DATA EXTRACT:
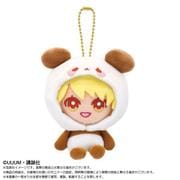 3115 ボンボンTV Chibiぬいおすわりマスコット りっちゃん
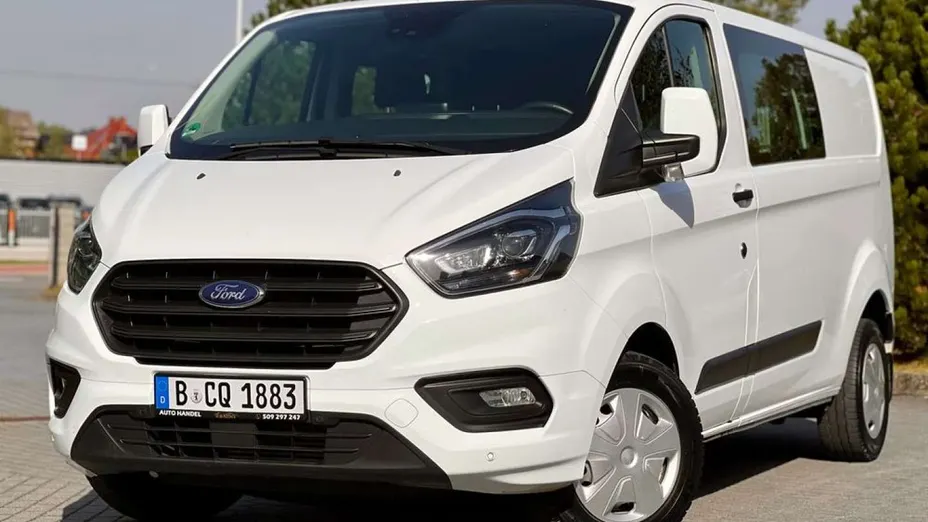 FORD Transit Custom -
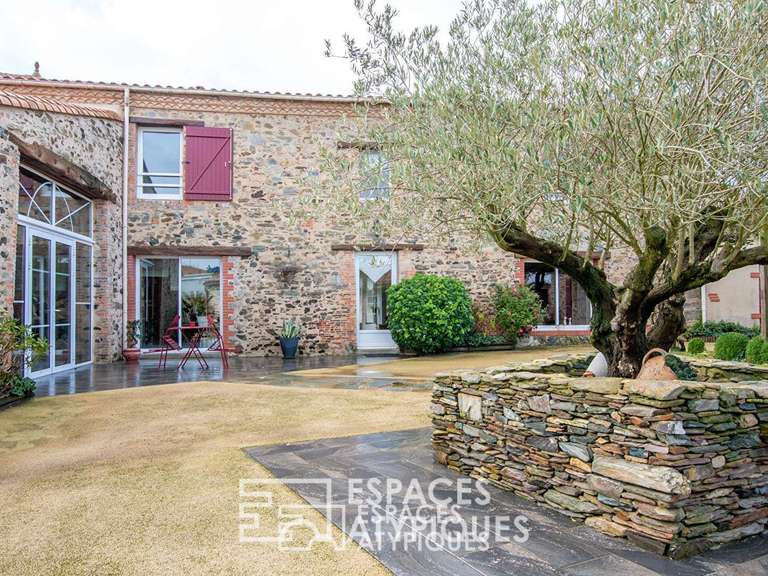 Maison Essarts-en-Bocage - 9 chambres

WHAT THE EXERCISE ASKS:
Your reply should hold every line of the material, unaltered, and not one picture.

SOLUTION FOR THIS PROBLEM:
 3115 ボンボンTV Chibiぬいおすわりマスコット りっちゃん
 FORD Transit Custom -
 Maison Essarts-en-Bocage - 9 chambres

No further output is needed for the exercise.